Don’t get carried away here. Even though the term for Martian atmosphere is “supersaturated” with water vapor, it is still about 10000 times less water vapor than that of the Earth. But it is “wetter” than we expected anyway (around 10 to 100 times.) At first, scientists thought that the supersaturated state cannot exist on Mars because when the atmosphere is already saturated with water, the excess part would get frozen by Mars’ cold temperature. However, the data from SPICAM suggest that the supersaturated state exists at 50 km above the ground even when Mars is at its farthest point from the Sun.

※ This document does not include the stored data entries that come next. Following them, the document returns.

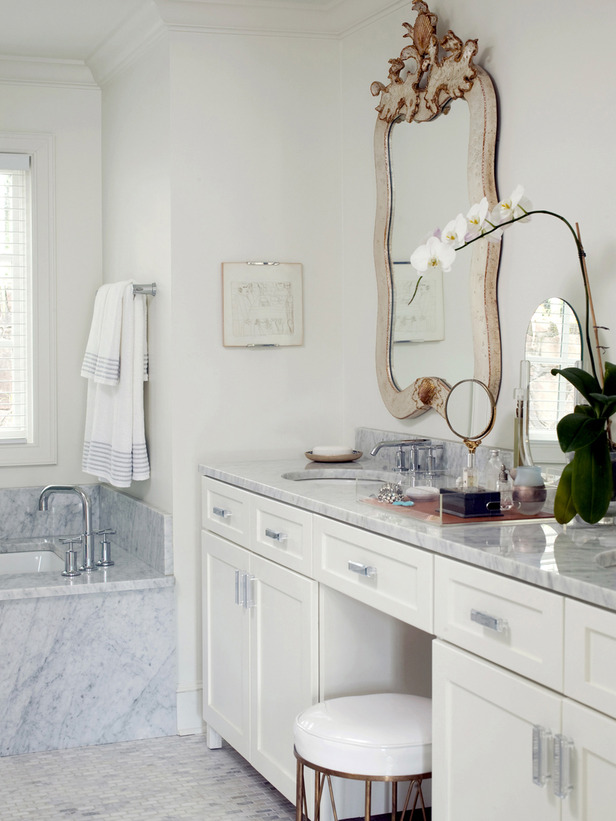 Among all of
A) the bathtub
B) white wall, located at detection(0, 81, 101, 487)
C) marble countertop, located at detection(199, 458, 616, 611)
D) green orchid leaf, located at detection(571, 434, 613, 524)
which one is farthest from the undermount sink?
white wall, located at detection(0, 81, 101, 487)

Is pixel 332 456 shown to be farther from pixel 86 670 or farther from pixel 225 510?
pixel 86 670

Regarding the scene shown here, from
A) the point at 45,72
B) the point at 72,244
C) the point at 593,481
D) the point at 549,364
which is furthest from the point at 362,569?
the point at 45,72

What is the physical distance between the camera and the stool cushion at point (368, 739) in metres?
2.06

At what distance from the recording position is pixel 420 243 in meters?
3.05

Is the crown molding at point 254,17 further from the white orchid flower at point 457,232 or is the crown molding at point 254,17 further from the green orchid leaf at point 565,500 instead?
the green orchid leaf at point 565,500

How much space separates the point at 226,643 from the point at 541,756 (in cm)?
165

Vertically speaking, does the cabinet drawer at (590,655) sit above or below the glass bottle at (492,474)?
below

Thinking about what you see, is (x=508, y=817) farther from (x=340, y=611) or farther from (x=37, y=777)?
(x=37, y=777)

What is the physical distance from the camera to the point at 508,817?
173 cm

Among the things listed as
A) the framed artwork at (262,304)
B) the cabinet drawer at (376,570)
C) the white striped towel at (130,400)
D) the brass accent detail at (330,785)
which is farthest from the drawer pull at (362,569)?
the white striped towel at (130,400)

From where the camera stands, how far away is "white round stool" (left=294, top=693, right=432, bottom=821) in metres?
2.06

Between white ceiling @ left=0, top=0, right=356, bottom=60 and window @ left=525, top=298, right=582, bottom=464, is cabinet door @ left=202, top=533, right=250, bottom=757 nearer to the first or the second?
window @ left=525, top=298, right=582, bottom=464

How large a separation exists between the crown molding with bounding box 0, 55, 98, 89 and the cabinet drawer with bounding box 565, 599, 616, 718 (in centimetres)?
342

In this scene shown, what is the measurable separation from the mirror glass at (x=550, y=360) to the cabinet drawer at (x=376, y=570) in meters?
0.53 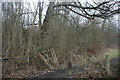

Similar to that on Earth, energy from Sun’s ray is a part of the Martian water cycle. When ice at the polar caps are warmed up by the sun during spring and summer, it sublimates (not evaporates!) into the atmosphere. It sticks with dust in the air, if there is any, to form a cloud. But when not many dusts exist, water molecules fill the air and turn it into the supersaturated state. At high altitude, wind is so strong that it might blow water molecules to another pole or up even higher. In a high altitude, the Sun attacks water molecules, photodissociation, by breaking it into two hydrogen atoms and an oxygen atom. Those atoms could escape from Mars into a vast universe.
More studies are still needed to fully understand the whole hydrological cycle. For now, we know that Mars continuously lose water but at different rate depending on a season and atmospheric weather.